BRIEF :: Go through the listing below and output exactly the line with "高龄产妇忍痛做人流,孕检必须要详细,别冒任何危险", the line with "蓝途王子修改器 v1.0", and each line between; omit the rest.

SOURCE DATA ::
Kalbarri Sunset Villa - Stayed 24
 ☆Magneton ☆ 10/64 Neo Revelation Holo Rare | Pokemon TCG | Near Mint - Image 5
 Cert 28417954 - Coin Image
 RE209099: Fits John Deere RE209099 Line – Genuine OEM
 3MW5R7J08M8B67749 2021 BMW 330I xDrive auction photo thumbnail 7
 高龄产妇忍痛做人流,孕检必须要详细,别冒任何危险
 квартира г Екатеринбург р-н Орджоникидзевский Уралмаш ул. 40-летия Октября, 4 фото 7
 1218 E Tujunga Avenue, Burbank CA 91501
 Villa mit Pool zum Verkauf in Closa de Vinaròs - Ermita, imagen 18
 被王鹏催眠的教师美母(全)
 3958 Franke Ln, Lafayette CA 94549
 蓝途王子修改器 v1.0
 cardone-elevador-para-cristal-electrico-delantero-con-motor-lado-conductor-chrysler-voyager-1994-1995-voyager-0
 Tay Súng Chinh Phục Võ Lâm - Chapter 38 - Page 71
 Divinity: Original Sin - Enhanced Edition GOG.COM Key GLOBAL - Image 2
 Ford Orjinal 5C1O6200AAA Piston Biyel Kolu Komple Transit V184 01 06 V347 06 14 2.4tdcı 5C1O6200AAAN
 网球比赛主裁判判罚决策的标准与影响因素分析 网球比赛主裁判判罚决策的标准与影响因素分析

SOLUTION FOR THIS PROBLEM ::
 高龄产妇忍痛做人流,孕检必须要详细,别冒任何危险
 квартира г Екатеринбург р-н Орджоникидзевский Уралмаш ул. 40-летия Октября, 4 фото 7
 1218 E Tujunga Avenue, Burbank CA 91501
 Villa mit Pool zum Verkauf in Closa de Vinaròs - Ermita, imagen 18
 被王鹏催眠的教师美母(全)
 3958 Franke Ln, Lafayette CA 94549
 蓝途王子修改器 v1.0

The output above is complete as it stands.